Price: Relative to the rest of the state, the University of Utah is much more diverse. I love that diversity within our student body — the different backgrounds, experiences, and belief systems. This makes the U an exceptional place to learn entrepreneurship, because it’s all about solving problems, and you can’t ever solve a difficult question with just one perspective.
On top of that, we also have a culture of valuing teamwork. Too often people think that it’s everyone for themselves, but I think our students really understand the benefit of surrounding themselves with quality teammates. At the U, we get that it takes other people’s help and the ability to work together effectively to be a successful entrepreneur at any scale.
Is there a mistake or misstep that many entrepreneurs and entrepreneurial students consistently make? If so, how can it be avoided?
Price: Ignoring the importance of teams, or picking the wrong people for a team, is a big part of it, but the biggest mistake I see entrepreneurs make is starting a business without understanding the resources it’s going to take to validate their idea and create lasting value.
This testing process is what I teach in my entrepreneurial finance class, to help students build a set of projections, so that before they get started, they know the resources (both financial- and talent-wise) that it will take to achieve an increases value. Of course, on the way to any milestone, a company is going to face problems that no one could anticipate. Most of the time, the problems get worse when founders spend too much time trying to develop the perfect solution to the problem rather than just jumping in and starting to fix it as they go. A lot of times, even with all this projection and preparation, you learn how to fix issues by just being in the middle of fixing it and trusting the people you are working with to achieve something awesome.

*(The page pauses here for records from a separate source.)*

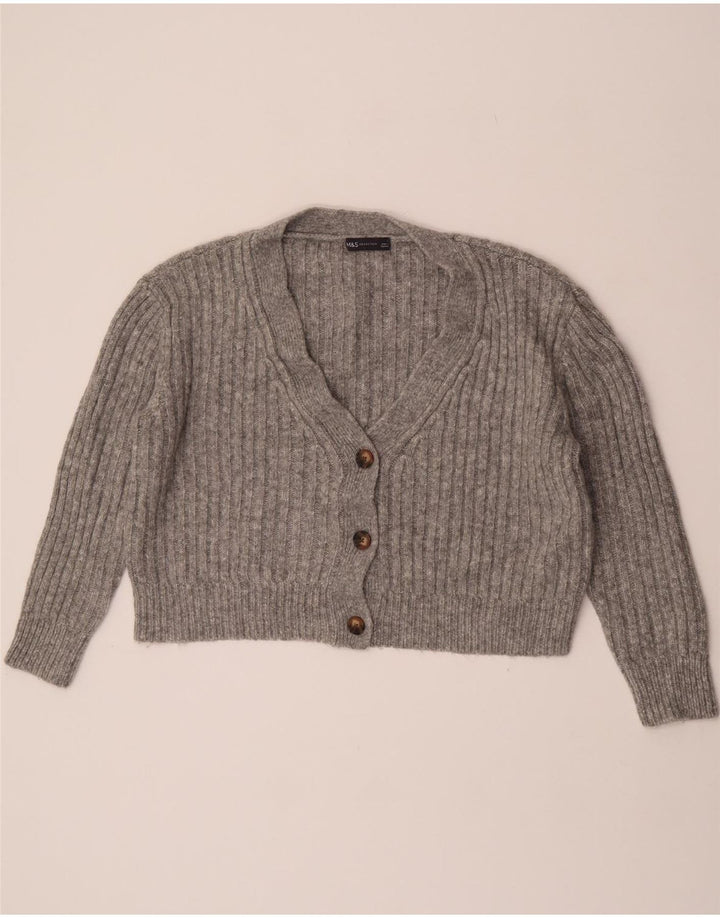 Marks & Spencer Damen Crop Oversized Cardigan Pullover UK 16 Large Grau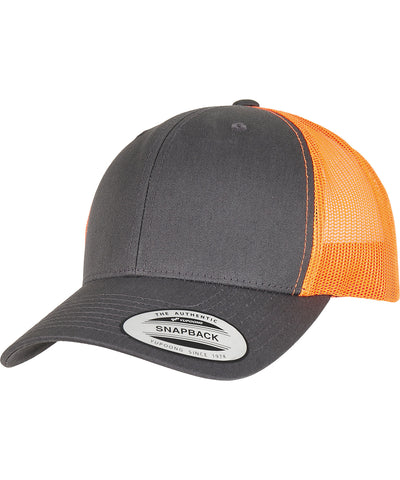 Gorra retro trucker de 2 tonos (6606T) | Gris Oscuro/Naranja Nen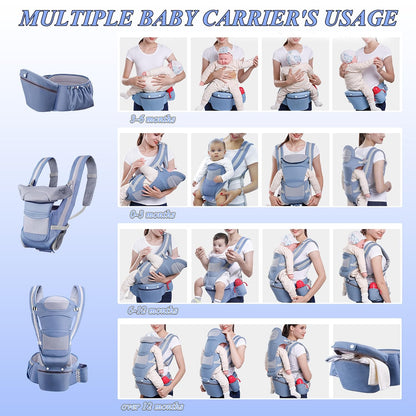 Canguro ergonómico premium con soporte de cadera para bebes 👶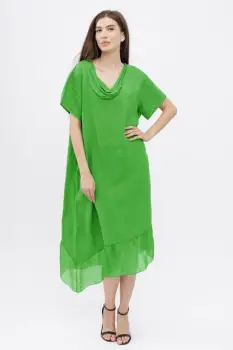 Rochie verde deschis usor asimetrica A-line, din in cu guler si volan din matase, oversize imagine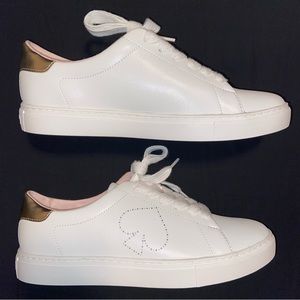 NEW Kate Spade Angelise White Gold Leather Silhouette Sneakers Size 10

What does it mean to be an entrepreneur?
Price: An entrepreneur is anybody who wants to take something that doesn’t exist and make it real — create it. Entrepreneurs can take an idea, something that’s just been sitting in someone’s head, and make it into a real product, a real service, a company that goes way beyond any one individual.
What do you want students to leave your classes or conversations with?
Price: I want every student to leave my class with multiple models, financial spreadsheets that they’ve built and can keep referring to. I want students to have projections for any company they could envision, so that in the future they can see what work they did in my class and be able to apply it to whatever the new situation is. I’m trying to instill long-term benefits into everything I teach, with practical skills and applicably at the forefront.
Some of my favorite lectures are on modeling dilution, or what happens to the ownership of an organization as more money enters an organization. These models show people that just because you raise money, that’s not good or bad — if you use that money intelligently, then the company’s worth more so your stake is more valuable, even though it’s a smaller percentage. Helping students understand connections between being very judicious and intelligent about the way they raise and spend capital is a fulfilling part of my teaching experience.
What do you want entrepreneurship students in general to know?
Price: You don’t have to become an entrepreneur the day you graduate. A lot of times, working in a corporation for a period of time is part of the preparation that people need to become successful entrepreneurs. You shouldn’t start a company until you are able to go a significant period of time earning less income than before you started the business.
What does success look like for entrepreneurs? Is it quantitative or what?
Price: I think if you really look at our society, the problems we’re facing across every aspect would be best solved by entrepreneurs coming up with innovation that allows us to deal with things different than we have in the past. With that in mind, I define success as getting to work on important problems with people you like, and ultimately finding a solution. Having a job where I get to identify problems that matter to me and work on them until I’ve found an answer? That is how I think about success.